*Supplied entries:*
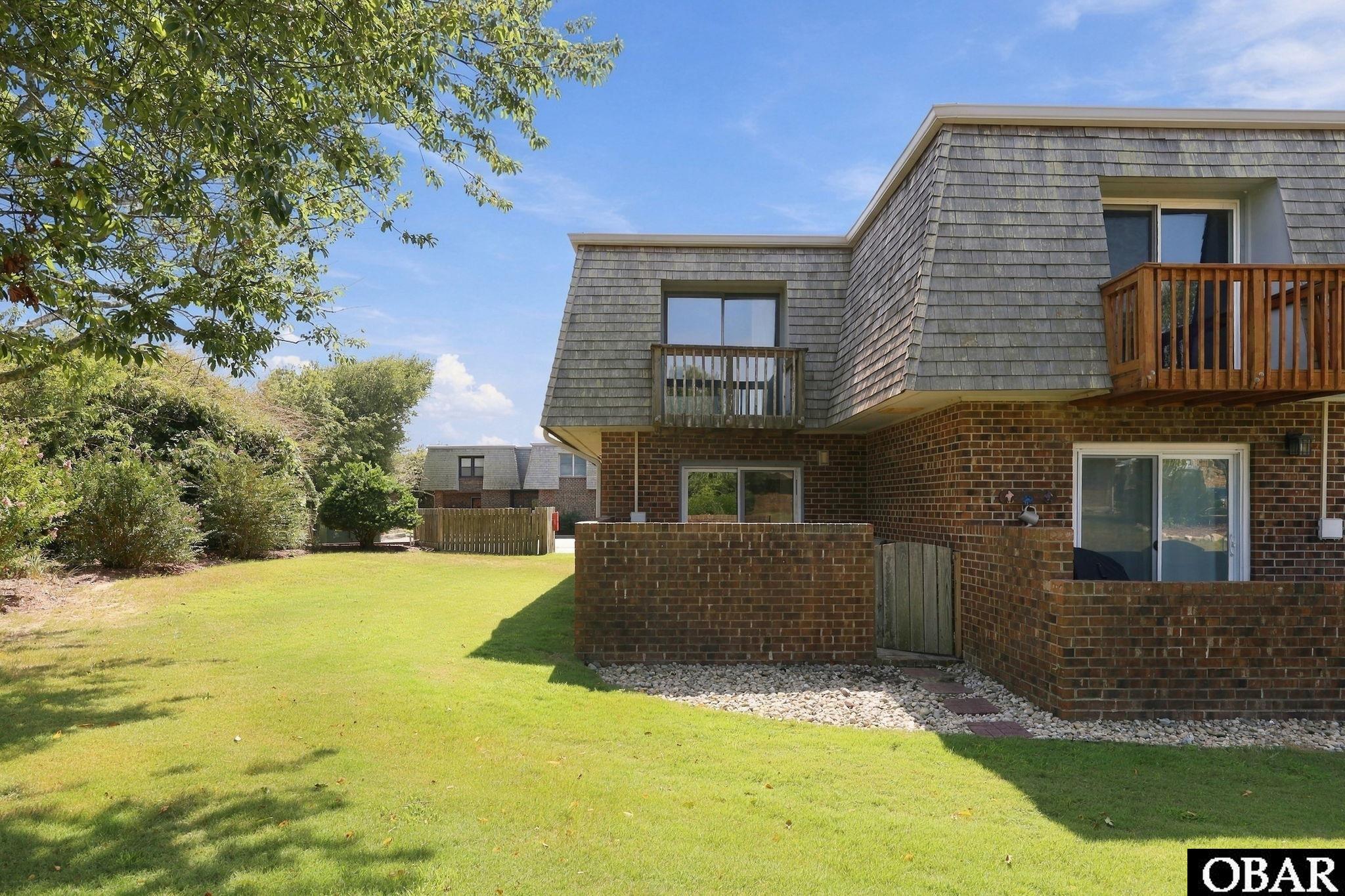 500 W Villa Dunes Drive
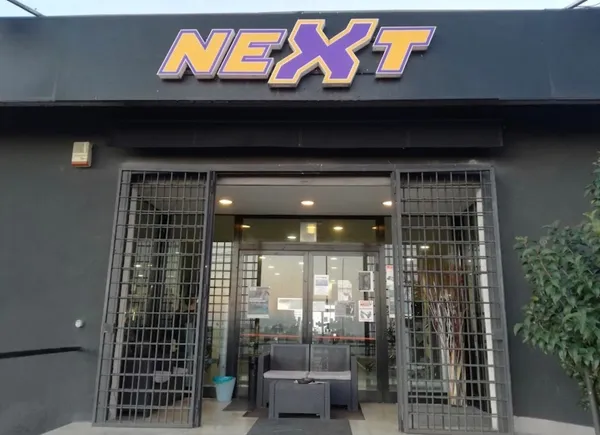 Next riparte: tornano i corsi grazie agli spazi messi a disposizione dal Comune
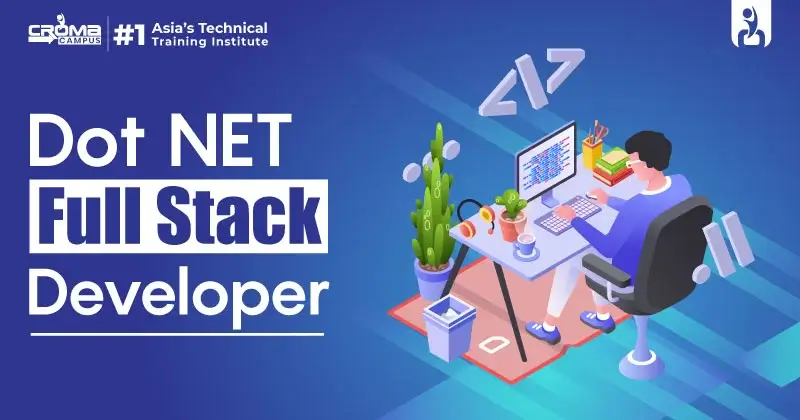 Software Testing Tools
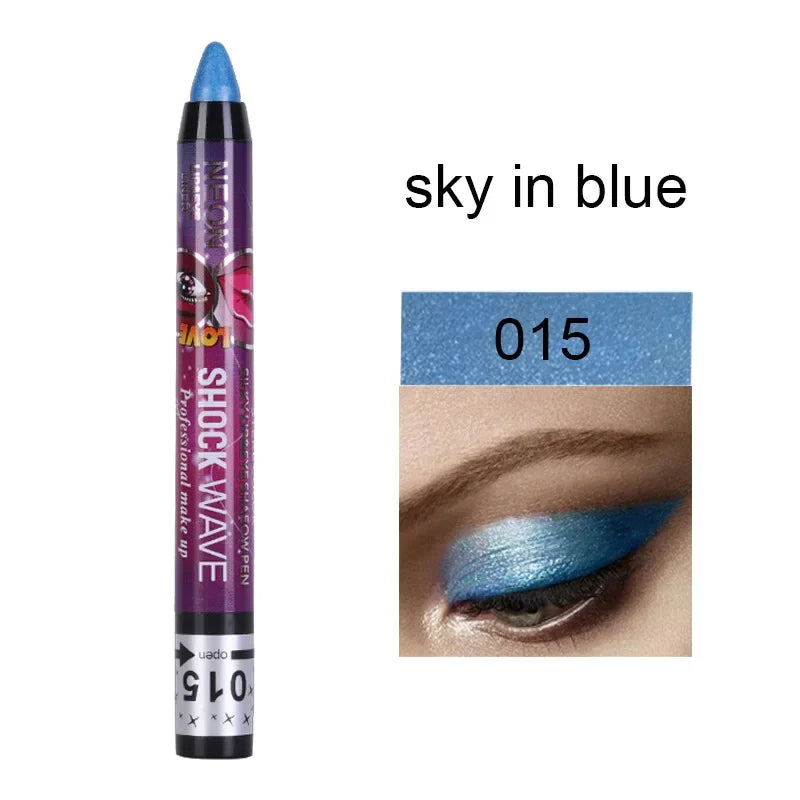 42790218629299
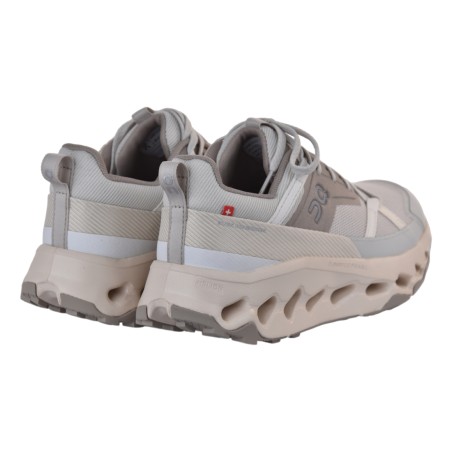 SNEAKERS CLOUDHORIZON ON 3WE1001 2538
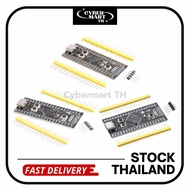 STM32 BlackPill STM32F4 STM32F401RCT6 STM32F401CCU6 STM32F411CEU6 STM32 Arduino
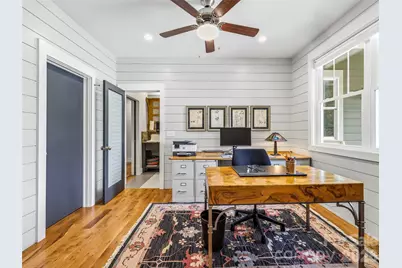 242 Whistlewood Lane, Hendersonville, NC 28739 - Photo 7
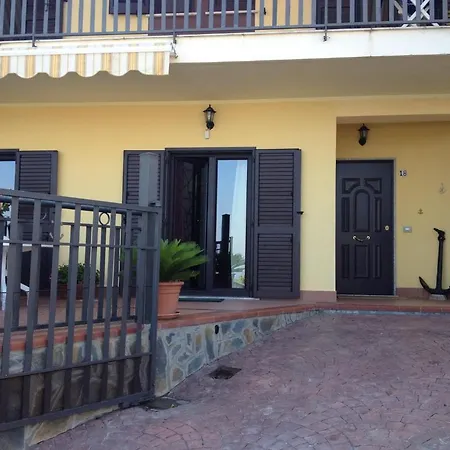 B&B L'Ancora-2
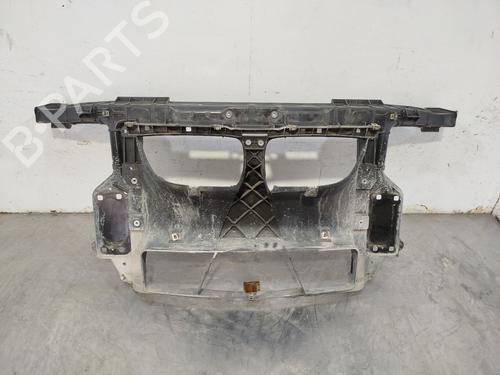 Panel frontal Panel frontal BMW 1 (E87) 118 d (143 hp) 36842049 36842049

*Exercise instructions:*
Reproduce the listing above only between the lines holding "42790218629299" and "B&B L'Ancora-2", inclusive. Every line must match exactly, and pictures are dropped.

*Problem solution:*
 42790218629299
 SNEAKERS CLOUDHORIZON ON 3WE1001 2538
 STM32 BlackPill STM32F4 STM32F401RCT6 STM32F401CCU6 STM32F411CEU6 STM32 Arduino
 242 Whistlewood Lane, Hendersonville, NC 28739 - Photo 7
 B&B L'Ancora-2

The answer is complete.